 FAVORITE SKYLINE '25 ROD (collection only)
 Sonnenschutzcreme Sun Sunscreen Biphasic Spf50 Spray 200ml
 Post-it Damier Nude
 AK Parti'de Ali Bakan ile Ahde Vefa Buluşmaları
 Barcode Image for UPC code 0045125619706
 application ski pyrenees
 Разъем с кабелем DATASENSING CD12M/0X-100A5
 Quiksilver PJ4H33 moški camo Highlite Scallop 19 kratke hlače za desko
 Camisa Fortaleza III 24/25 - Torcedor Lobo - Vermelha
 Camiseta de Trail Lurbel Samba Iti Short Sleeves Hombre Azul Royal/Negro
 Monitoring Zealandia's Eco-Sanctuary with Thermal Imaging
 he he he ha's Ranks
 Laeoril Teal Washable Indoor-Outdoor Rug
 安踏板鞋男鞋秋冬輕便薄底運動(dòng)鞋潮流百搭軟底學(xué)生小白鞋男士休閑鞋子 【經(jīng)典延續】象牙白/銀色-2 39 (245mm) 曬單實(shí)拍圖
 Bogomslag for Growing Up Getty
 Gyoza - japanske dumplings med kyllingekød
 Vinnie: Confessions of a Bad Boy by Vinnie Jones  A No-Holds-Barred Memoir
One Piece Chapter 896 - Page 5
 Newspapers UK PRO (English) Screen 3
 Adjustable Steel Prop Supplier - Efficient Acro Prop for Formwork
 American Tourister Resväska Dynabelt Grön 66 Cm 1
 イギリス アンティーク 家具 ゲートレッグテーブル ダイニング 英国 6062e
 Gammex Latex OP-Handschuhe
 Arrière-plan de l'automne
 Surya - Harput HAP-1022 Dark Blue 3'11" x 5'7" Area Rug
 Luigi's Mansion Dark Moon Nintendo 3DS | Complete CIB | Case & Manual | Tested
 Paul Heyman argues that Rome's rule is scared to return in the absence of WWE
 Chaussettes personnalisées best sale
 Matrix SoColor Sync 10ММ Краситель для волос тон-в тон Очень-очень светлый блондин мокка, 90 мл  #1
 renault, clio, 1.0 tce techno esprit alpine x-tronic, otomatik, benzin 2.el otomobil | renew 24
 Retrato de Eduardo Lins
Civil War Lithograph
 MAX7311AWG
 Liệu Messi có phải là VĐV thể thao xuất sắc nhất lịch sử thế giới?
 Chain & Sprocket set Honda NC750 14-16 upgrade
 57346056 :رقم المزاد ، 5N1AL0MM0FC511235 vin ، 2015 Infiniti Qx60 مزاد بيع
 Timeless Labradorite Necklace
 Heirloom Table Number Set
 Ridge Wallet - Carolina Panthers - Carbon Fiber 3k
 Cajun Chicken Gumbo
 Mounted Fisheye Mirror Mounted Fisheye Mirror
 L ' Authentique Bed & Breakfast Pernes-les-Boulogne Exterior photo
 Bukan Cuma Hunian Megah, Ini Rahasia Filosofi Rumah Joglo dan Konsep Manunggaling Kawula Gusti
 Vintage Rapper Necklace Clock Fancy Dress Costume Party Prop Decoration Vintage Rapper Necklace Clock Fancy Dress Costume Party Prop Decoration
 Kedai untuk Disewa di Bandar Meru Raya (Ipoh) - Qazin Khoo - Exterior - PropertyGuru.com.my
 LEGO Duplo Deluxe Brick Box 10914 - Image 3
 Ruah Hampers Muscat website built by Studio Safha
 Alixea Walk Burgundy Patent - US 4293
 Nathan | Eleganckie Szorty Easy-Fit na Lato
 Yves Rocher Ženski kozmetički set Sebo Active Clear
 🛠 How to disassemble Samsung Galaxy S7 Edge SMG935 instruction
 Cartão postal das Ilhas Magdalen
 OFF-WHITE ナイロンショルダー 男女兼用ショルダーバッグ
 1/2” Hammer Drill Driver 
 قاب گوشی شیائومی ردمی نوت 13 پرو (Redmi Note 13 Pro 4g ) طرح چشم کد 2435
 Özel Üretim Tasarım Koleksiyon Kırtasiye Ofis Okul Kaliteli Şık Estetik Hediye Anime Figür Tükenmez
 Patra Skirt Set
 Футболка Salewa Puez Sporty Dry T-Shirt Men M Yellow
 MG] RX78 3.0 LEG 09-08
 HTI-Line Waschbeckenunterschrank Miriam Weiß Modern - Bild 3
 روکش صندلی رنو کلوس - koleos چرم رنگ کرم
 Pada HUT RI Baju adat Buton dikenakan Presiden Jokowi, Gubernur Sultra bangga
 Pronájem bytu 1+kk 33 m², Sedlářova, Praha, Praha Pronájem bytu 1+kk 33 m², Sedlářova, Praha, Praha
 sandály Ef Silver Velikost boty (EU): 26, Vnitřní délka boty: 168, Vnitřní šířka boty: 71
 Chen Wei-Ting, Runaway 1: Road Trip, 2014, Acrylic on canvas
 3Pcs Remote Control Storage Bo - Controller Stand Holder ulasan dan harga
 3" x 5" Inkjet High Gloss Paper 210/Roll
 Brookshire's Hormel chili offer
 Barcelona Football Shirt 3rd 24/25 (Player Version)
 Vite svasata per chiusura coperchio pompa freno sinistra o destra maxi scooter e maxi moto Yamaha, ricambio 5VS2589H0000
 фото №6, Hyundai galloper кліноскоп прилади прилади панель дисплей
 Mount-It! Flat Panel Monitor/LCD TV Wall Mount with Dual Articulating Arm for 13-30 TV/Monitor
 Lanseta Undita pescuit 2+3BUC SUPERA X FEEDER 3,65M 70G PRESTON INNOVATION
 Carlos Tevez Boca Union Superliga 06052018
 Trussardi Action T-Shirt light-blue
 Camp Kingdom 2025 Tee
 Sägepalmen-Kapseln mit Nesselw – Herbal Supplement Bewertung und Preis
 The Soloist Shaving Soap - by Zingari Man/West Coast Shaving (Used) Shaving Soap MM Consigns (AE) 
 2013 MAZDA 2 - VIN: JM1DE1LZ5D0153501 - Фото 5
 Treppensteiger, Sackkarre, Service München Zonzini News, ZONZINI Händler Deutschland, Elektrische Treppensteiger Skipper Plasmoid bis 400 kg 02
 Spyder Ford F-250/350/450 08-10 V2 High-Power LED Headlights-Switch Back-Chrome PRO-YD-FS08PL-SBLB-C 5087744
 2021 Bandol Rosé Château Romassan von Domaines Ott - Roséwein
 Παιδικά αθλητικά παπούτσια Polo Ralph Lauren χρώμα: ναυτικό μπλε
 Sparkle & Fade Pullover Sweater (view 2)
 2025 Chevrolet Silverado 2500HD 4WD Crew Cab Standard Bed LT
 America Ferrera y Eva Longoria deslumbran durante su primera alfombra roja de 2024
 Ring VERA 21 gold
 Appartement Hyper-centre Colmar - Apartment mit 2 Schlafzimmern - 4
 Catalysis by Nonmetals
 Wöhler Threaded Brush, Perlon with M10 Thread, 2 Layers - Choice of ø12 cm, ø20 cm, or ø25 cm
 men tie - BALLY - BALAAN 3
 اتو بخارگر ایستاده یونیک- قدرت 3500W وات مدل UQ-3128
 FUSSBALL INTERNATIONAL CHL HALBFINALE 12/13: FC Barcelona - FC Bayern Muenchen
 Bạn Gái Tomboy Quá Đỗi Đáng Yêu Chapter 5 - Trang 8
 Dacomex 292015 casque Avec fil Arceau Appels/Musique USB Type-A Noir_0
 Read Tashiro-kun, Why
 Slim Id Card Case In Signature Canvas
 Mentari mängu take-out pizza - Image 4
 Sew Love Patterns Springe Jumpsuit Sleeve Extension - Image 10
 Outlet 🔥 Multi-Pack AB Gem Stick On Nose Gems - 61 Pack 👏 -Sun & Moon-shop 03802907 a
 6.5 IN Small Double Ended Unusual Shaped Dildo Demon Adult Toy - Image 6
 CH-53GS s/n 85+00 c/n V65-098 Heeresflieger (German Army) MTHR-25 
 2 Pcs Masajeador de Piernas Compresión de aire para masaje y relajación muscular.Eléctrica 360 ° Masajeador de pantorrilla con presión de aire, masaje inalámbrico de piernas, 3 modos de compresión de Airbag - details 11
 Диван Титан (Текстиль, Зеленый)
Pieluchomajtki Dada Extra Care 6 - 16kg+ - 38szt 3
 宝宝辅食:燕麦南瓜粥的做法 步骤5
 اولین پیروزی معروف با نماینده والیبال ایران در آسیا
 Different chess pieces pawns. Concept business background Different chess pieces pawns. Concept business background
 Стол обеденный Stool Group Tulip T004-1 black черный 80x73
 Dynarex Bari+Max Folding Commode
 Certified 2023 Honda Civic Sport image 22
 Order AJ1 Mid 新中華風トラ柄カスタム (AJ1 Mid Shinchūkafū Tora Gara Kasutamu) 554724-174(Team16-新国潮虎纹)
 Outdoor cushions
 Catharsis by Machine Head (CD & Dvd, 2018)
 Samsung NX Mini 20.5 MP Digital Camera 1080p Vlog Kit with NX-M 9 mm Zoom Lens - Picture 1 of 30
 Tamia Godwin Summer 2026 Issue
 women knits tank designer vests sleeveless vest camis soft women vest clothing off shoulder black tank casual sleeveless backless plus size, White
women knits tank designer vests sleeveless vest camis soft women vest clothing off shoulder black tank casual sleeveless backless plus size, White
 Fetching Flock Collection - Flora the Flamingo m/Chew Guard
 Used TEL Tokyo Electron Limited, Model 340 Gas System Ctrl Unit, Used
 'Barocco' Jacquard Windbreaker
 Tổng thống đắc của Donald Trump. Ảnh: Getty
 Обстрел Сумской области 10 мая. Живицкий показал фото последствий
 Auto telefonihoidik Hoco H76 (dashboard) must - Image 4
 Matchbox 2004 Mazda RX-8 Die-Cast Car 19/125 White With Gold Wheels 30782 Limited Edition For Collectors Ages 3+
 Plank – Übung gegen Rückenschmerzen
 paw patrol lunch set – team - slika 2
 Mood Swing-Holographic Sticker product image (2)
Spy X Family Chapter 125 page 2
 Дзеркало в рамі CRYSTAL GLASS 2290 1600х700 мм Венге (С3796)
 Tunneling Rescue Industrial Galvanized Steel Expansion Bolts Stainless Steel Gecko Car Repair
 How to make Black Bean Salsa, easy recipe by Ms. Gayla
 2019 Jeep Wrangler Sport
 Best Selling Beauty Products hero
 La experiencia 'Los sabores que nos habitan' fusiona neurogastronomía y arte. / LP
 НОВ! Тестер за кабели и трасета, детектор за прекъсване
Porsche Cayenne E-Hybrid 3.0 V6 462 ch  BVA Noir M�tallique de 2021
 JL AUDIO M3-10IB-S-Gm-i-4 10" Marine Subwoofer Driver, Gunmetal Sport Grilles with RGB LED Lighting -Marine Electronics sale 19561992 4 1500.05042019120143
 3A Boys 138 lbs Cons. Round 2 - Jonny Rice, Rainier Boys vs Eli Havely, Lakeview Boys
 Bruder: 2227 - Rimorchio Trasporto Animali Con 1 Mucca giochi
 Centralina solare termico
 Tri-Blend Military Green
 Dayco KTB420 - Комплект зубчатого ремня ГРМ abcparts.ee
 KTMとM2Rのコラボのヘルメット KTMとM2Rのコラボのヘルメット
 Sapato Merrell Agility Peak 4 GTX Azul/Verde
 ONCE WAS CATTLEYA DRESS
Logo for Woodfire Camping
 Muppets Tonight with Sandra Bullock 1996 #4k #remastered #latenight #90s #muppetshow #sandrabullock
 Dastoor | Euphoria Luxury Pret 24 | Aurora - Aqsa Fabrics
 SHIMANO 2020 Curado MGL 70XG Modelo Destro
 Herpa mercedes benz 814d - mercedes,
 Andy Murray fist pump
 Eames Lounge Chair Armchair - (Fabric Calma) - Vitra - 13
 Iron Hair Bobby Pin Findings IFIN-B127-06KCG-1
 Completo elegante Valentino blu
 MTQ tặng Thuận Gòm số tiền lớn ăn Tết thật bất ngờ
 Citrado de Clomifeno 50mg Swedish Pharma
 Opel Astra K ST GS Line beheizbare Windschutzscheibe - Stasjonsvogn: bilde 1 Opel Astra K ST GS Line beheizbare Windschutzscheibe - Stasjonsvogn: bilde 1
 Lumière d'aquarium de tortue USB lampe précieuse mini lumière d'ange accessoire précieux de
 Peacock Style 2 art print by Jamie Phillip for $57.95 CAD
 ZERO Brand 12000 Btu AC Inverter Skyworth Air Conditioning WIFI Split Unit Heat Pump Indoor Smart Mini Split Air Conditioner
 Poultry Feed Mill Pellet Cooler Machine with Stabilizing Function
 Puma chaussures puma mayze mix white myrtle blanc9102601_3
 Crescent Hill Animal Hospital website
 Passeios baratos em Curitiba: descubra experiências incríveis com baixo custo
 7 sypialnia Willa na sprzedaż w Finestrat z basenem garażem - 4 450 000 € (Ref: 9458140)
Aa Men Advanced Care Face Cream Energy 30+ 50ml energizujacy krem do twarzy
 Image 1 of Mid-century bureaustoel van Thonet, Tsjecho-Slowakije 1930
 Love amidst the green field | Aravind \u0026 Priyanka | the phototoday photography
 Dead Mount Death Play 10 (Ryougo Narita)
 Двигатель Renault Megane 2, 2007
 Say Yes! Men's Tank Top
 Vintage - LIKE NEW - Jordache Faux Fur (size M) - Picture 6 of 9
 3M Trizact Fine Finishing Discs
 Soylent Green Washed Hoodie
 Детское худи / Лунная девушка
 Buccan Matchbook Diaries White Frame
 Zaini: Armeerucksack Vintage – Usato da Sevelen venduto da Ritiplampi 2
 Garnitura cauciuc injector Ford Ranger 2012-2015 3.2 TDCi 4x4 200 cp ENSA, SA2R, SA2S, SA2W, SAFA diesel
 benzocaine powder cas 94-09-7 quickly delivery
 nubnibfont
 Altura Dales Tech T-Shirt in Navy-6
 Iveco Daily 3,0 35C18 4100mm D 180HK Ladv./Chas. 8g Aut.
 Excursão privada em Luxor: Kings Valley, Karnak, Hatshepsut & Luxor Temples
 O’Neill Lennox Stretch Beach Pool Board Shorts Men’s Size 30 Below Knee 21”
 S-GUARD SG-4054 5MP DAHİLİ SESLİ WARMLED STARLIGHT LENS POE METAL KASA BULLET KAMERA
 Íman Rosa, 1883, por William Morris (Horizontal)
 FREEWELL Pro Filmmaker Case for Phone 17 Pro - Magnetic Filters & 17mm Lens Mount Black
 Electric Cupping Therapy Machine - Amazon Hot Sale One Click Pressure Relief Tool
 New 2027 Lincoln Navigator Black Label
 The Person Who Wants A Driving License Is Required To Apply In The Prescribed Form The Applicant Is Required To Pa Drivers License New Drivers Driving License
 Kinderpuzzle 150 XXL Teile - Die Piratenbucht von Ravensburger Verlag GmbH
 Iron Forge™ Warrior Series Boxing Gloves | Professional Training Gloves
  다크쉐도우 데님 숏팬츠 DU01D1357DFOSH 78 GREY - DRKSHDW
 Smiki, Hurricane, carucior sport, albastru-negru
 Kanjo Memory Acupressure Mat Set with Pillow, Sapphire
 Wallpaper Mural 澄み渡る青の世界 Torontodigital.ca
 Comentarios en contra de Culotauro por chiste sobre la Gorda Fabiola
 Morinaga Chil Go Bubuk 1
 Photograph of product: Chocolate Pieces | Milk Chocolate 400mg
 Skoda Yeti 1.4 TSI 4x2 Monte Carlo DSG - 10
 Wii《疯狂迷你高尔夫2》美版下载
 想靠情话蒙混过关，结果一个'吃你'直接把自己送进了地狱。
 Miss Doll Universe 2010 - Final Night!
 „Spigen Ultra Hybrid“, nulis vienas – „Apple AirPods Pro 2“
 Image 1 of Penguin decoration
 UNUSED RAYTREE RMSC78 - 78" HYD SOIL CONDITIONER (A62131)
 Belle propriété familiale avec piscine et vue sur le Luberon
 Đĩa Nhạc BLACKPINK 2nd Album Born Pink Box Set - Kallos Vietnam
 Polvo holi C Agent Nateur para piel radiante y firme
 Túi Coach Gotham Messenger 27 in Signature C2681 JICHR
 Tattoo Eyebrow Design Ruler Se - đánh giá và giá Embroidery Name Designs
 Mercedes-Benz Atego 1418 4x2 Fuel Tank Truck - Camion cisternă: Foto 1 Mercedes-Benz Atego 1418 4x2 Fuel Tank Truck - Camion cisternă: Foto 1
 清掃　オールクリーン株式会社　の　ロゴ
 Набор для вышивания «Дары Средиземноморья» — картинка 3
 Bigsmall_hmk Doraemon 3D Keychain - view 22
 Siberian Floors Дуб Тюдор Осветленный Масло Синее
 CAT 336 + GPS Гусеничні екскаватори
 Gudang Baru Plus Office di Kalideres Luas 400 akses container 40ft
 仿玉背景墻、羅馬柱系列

# # #

Work request = All lines from the top of the data through the line containing "Heirloom Table Number Set" need to be retyped exactly, and nothing more.

Solution for this problem =
 FAVORITE SKYLINE '25 ROD (collection only)
 Sonnenschutzcreme Sun Sunscreen Biphasic Spf50 Spray 200ml
 Post-it Damier Nude
 AK Parti'de Ali Bakan ile Ahde Vefa Buluşmaları
 Barcode Image for UPC code 0045125619706
 application ski pyrenees
 Разъем с кабелем DATASENSING CD12M/0X-100A5
 Quiksilver PJ4H33 moški camo Highlite Scallop 19 kratke hlače za desko
 Camisa Fortaleza III 24/25 - Torcedor Lobo - Vermelha
 Camiseta de Trail Lurbel Samba Iti Short Sleeves Hombre Azul Royal/Negro
 Monitoring Zealandia's Eco-Sanctuary with Thermal Imaging
 he he he ha's Ranks
 Laeoril Teal Washable Indoor-Outdoor Rug
 安踏板鞋男鞋秋冬輕便薄底運動(dòng)鞋潮流百搭軟底學(xué)生小白鞋男士休閑鞋子 【經(jīng)典延續】象牙白/銀色-2 39 (245mm) 曬單實(shí)拍圖
 Bogomslag for Growing Up Getty
 Gyoza - japanske dumplings med kyllingekød
 Vinnie: Confessions of a Bad Boy by Vinnie Jones  A No-Holds-Barred Memoir
One Piece Chapter 896 - Page 5
 Newspapers UK PRO (English) Screen 3
 Adjustable Steel Prop Supplier - Efficient Acro Prop for Formwork
 American Tourister Resväska Dynabelt Grön 66 Cm 1
 イギリス アンティーク 家具 ゲートレッグテーブル ダイニング 英国 6062e
 Gammex Latex OP-Handschuhe
 Arrière-plan de l'automne
 Surya - Harput HAP-1022 Dark Blue 3'11" x 5'7" Area Rug
 Luigi's Mansion Dark Moon Nintendo 3DS | Complete CIB | Case & Manual | Tested
 Paul Heyman argues that Rome's rule is scared to return in the absence of WWE
 Chaussettes personnalisées best sale
 Matrix SoColor Sync 10ММ Краситель для волос тон-в тон Очень-очень светлый блондин мокка, 90 мл  #1
 renault, clio, 1.0 tce techno esprit alpine x-tronic, otomatik, benzin 2.el otomobil | renew 24
 Retrato de Eduardo Lins
Civil War Lithograph
 MAX7311AWG
 Liệu Messi có phải là VĐV thể thao xuất sắc nhất lịch sử thế giới?
 Chain & Sprocket set Honda NC750 14-16 upgrade
 57346056 :رقم المزاد ، 5N1AL0MM0FC511235 vin ، 2015 Infiniti Qx60 مزاد بيع
 Timeless Labradorite Necklace
 Heirloom Table Number Set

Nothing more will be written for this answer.